WHY ARE MOTHERS RELUCTANT TO INVEST FOR OUR KIDS?
So much of parenting is risk management, so it’s hardly surprising that figures from Natwest show that 83 percent of parents have opted for what seems like the safest option for their JISA: cash.
But you have made it this far into this blog post, so you are already off to a cracking start.
DON’T ASSUME YOU HAVE TO BE LOADED TO INVEST
Don’t assume that you must be rolling in the dough to put aside money each month to invest, although many parents think the opposite: most women believe that they need thousands of pounds a month to dip their toe into the stock market, according to a poll by Boring Money, an investment website.
In fact, online investment firms such as Beanstalk doesn’t even require a with minimum monthly contribution for their Stocks and Shares JISA.
To make saving a habit, sometimes all it takes is changing when you save.
Forget using the money left over at the end of the month to allocate to savings because, as a parent, you rarely have any left.
Instead, make saving a priority and set up a direct debit that leaves your account immediately after you get paid, making saving for your children one of your fixed expenses.
Alternatively, make saving easier by opting to round up your shopping to the nearest pound or paying in cashback.
Beanstalk is a Junior Isa manager that lets you add cash whenever you like and doesn’t require an upfront contribution or a regular commitment to open an account.
Fees are 0.5 per cent a year, plus annual fund fees of between 0.12 and 0.15 per cent.
HOW TO GET STARTED
Setting up a Jisa is easier than you might think.
First, choose an investment firm to suit your needs – and your appetite for interaction.
For beginners with smaller sums to invest, Hargreaves Lansdown is worth a look.
Admittedly, it can be one of more expensive firms with it’s own charges on top of the fees charged by the investment funds you choose – but its website is easy to use and provides practical information to help you get started.

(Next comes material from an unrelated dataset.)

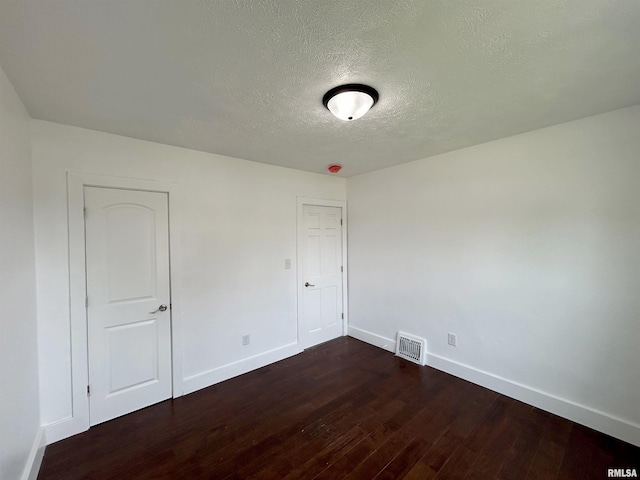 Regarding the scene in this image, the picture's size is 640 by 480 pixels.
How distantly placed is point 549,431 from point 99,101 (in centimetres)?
407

What’s more, it is well known for top-notch customer service.
Fidelity Personal Investing is also well suited to first-time investors as it offers comprehensive guidance and offers lower charges.

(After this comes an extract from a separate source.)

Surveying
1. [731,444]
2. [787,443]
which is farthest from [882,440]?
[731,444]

While Vanguard is even cheaper, but you must put in a minimum of £100 per month, which might put some first-timers off.
Once you register, sign up for a Junior Isa, a tax-free vehicle in which to hold your investments.
Anyone can pay into a junior Isa, up to a maximum of £9,000 in the 2021-22 tax year – there’s no personal income or capital gains tax to pay on any growth.

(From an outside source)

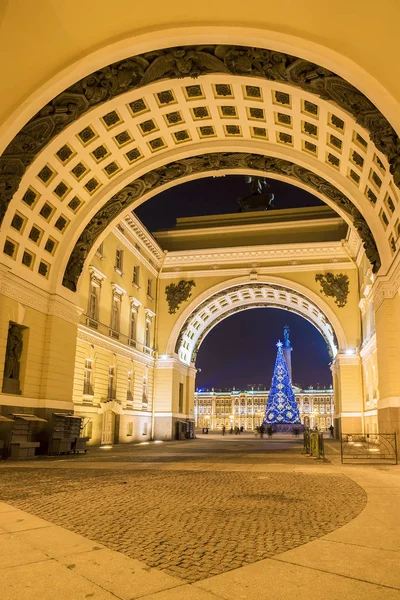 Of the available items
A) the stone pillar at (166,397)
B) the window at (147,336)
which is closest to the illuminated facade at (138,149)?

if you take the leap and dip your toe into the stock market, if it feels too stressful, you can swap the Jisa back into a cash account.
CHOOSING A FUND
Choosing which funds to choose can feel an overwhelming task – trust me, I know.
But I was lucky that one of my daughter’s godmothers works in investment and she helped me with the decision-making process.
But in case you don’t have an Emma to ask for help, and as you know, I’m not qualified to legally provide you with financial advice, Hargreaves Lansdown has a handy tool to help.
And the good thing is, if you take the leap and dip your toe into the stock market, if it feels too stressful, you can swap the Jisa back into a cash account.
A WORD OF WARNING
As with most things financial, there is always an element of risk involved and investments can go up as well as down.
What’s more, with a Junior Isa, once money is invested – whether in cash or stocks and shares – it belongs to the child: which means that you can’t get it back it, no matter how much your need the money.
What’s more, once your little darling turns 18, you will have no say how the funds set aside are spent.
While you might want it to go towards university fees, your child could well have other ideas.
After all, ask yourself what your teenage self would have done with a nice little lump sum?